— What is needed —
Please write out only the lines from the line with "Theater Lamp - Gulvlampe" to the line with "la directora gerente", inclusive, exactly as they stand below, without the pictures.

— Records supplied —

⟨

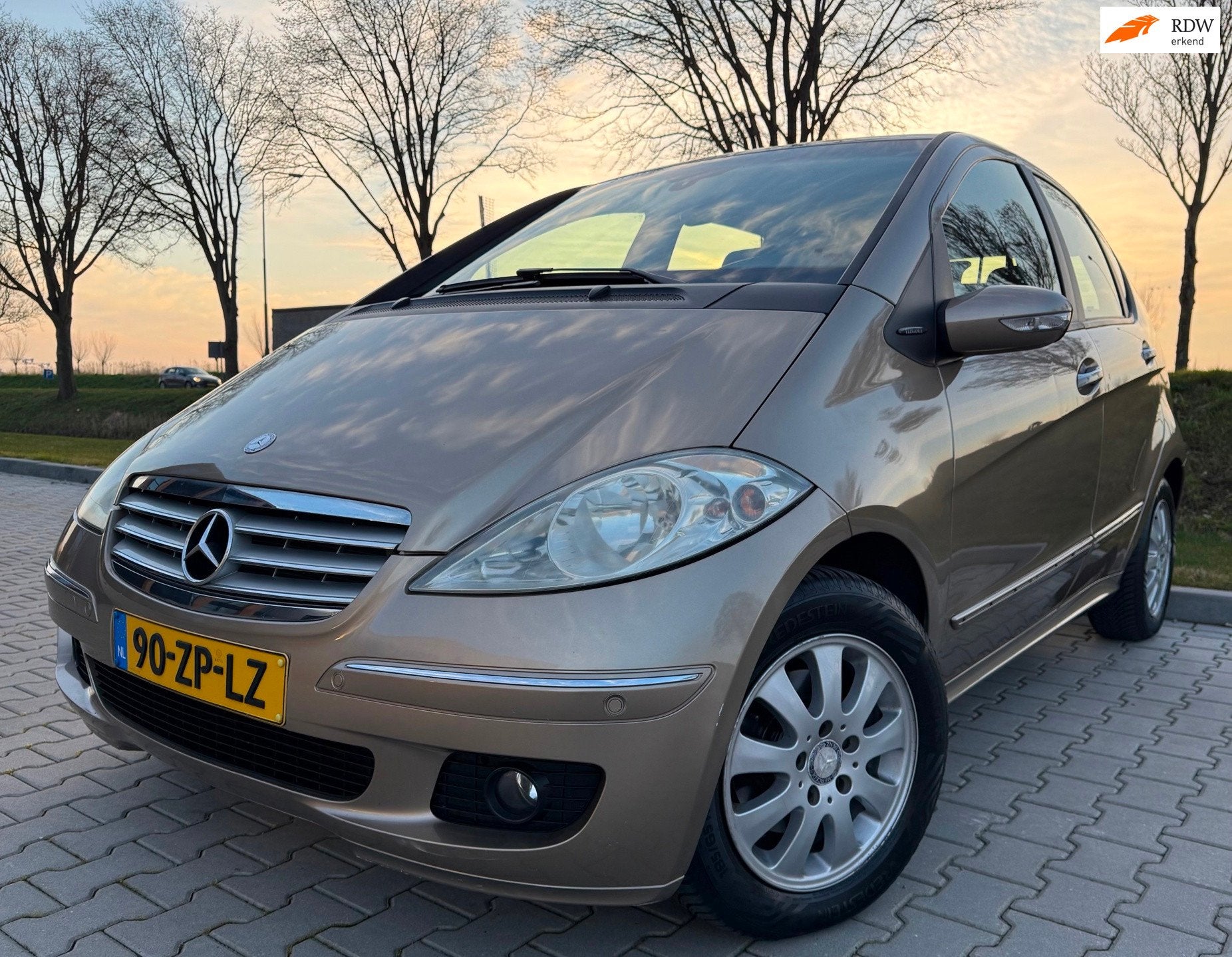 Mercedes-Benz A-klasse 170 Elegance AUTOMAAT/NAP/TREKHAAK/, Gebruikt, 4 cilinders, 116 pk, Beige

⟩
⟨

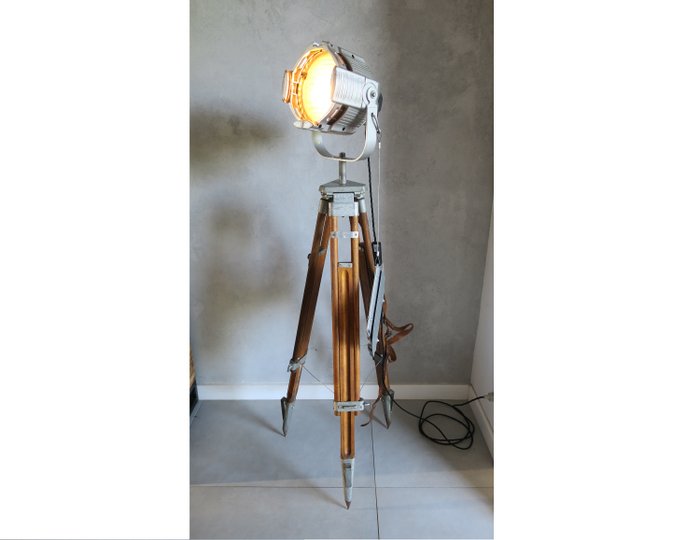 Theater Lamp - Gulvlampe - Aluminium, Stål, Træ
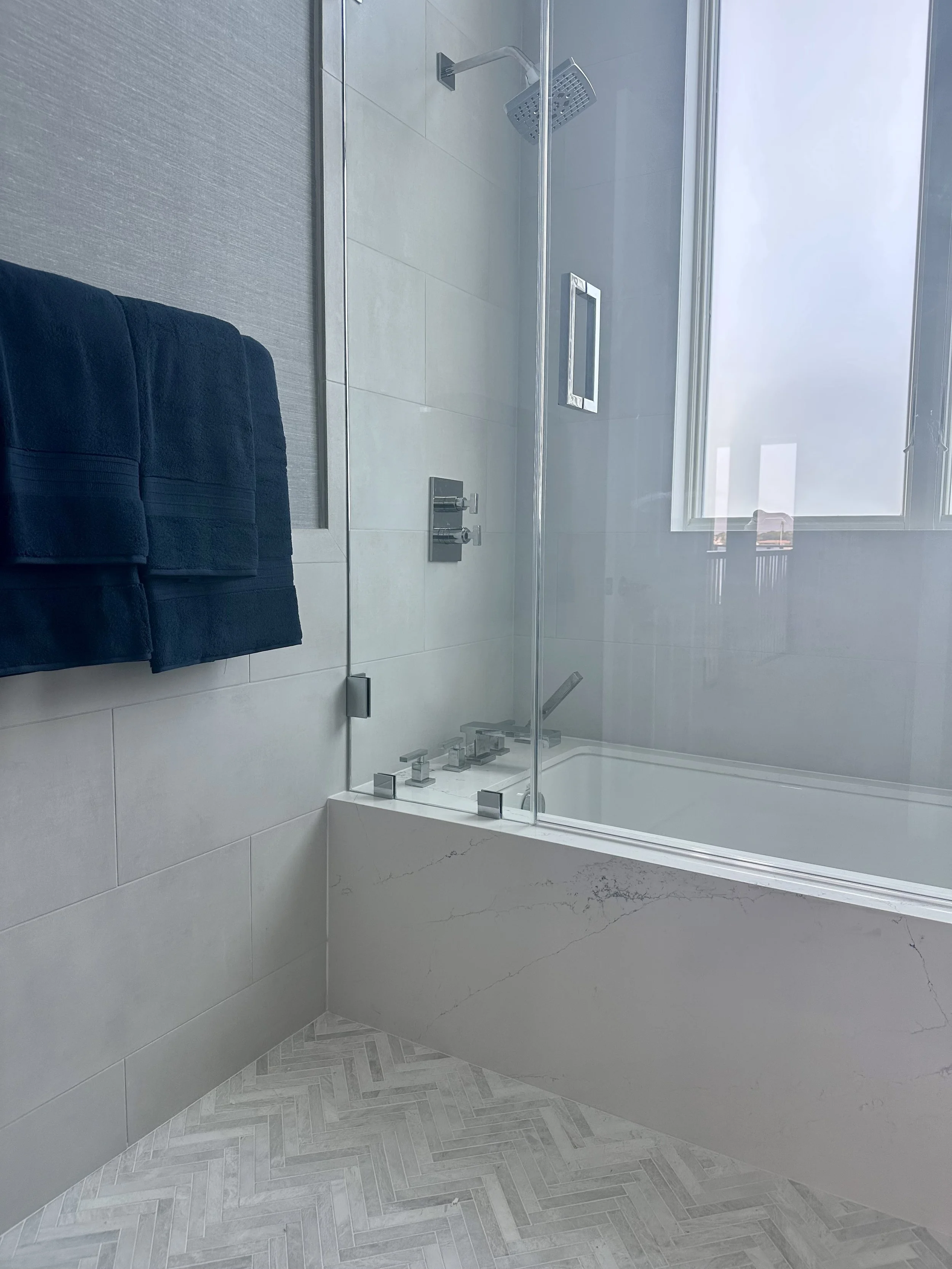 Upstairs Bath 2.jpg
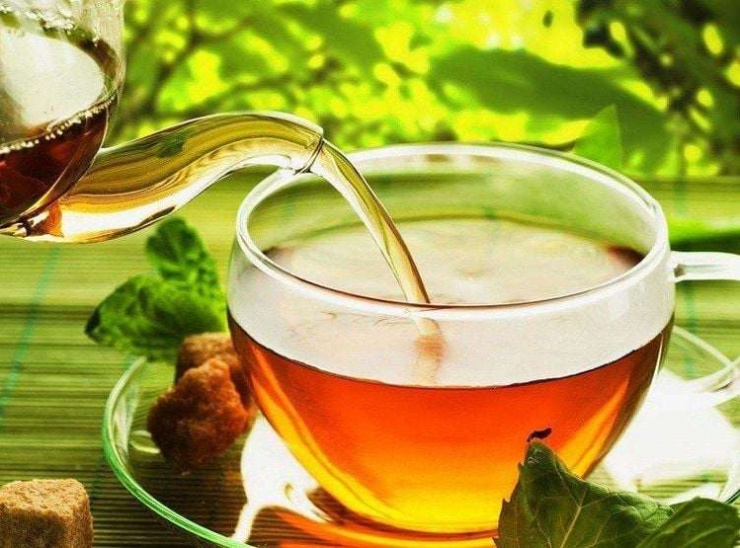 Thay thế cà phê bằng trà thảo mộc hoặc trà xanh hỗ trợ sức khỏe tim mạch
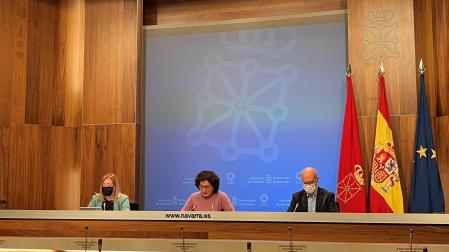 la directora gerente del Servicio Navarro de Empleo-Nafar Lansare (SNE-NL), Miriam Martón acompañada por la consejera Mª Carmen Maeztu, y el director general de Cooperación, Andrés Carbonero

⟩
⟨

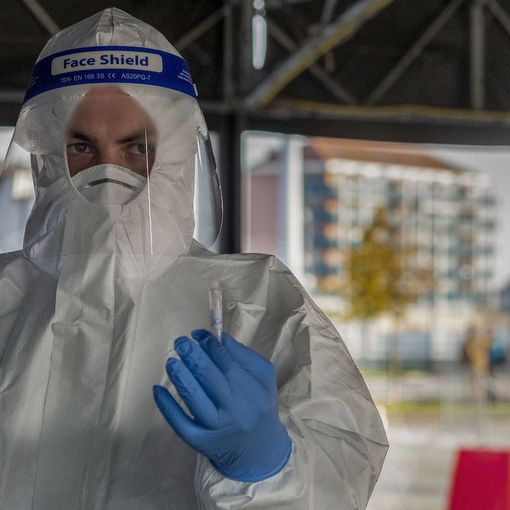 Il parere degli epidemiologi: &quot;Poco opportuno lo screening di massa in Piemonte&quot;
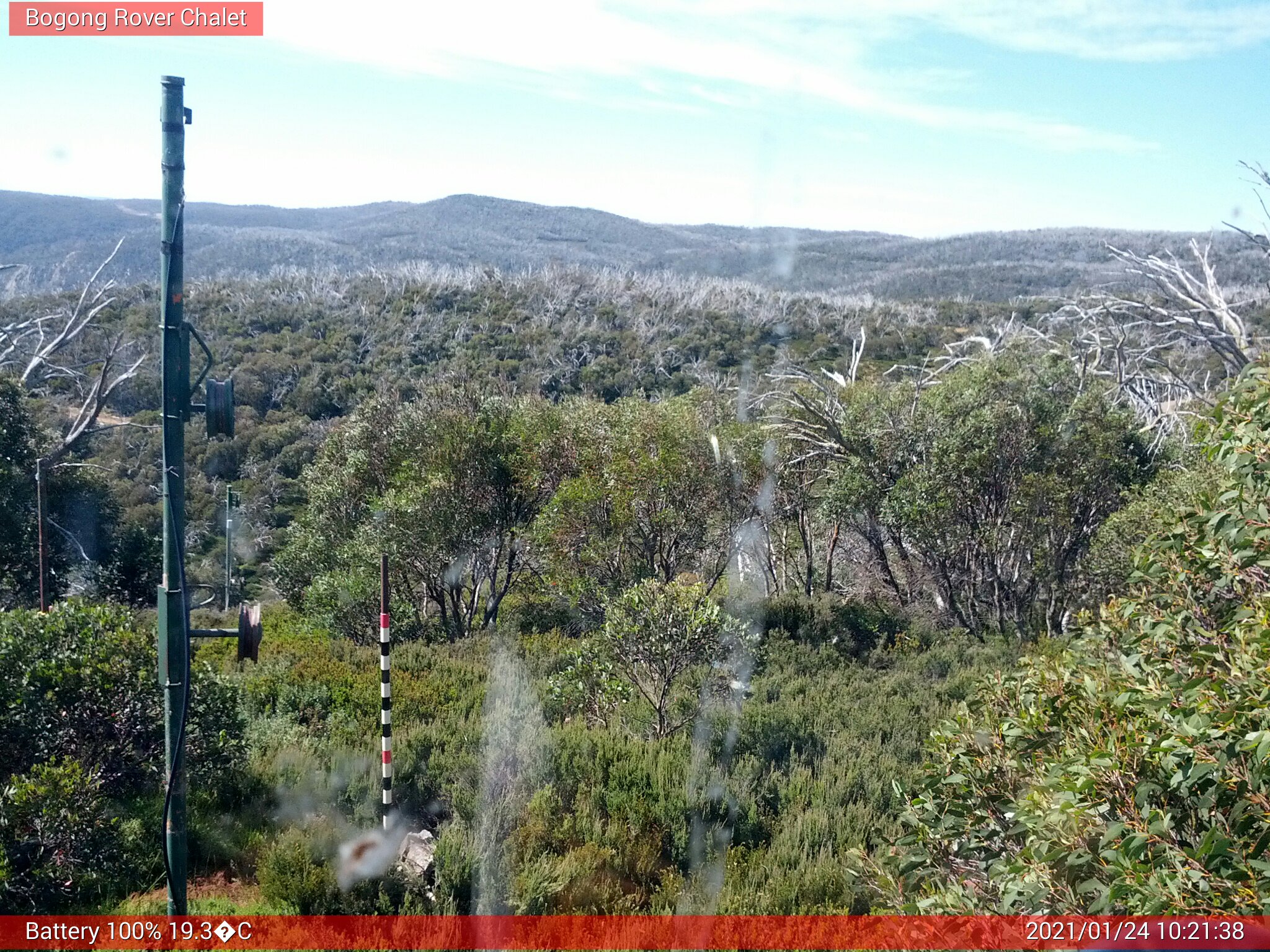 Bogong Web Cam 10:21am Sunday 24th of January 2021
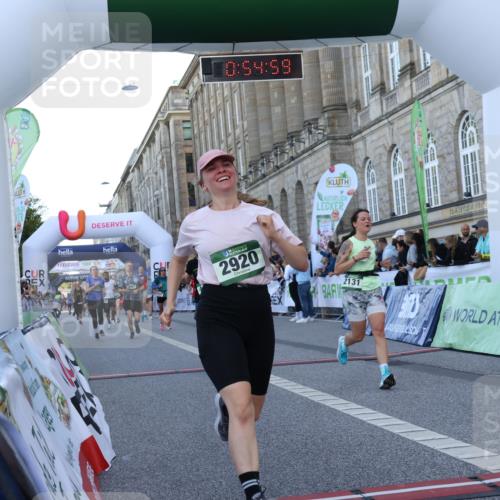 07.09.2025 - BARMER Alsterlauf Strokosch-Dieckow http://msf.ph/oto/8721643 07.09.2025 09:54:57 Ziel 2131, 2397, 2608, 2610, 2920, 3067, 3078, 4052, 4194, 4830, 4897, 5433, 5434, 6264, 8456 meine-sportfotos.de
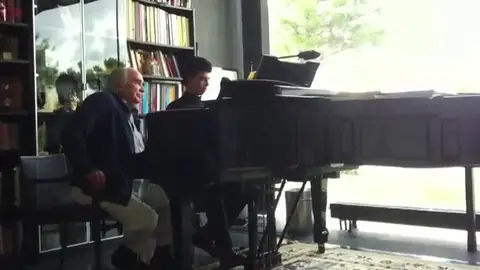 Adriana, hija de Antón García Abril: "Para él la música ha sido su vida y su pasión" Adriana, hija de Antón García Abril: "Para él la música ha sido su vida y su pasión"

⟩

— Your solution —
 Theater Lamp - Gulvlampe - Aluminium, Stål, Træ
 Upstairs Bath 2.jpg
 Thay thế cà phê bằng trà thảo mộc hoặc trà xanh hỗ trợ sức khỏe tim mạch
 la directora gerente del Servicio Navarro de Empleo-Nafar Lansare (SNE-NL), Miriam Martón acompañada por la consejera Mª Carmen Maeztu, y el director general de Cooperación, Andrés Carbonero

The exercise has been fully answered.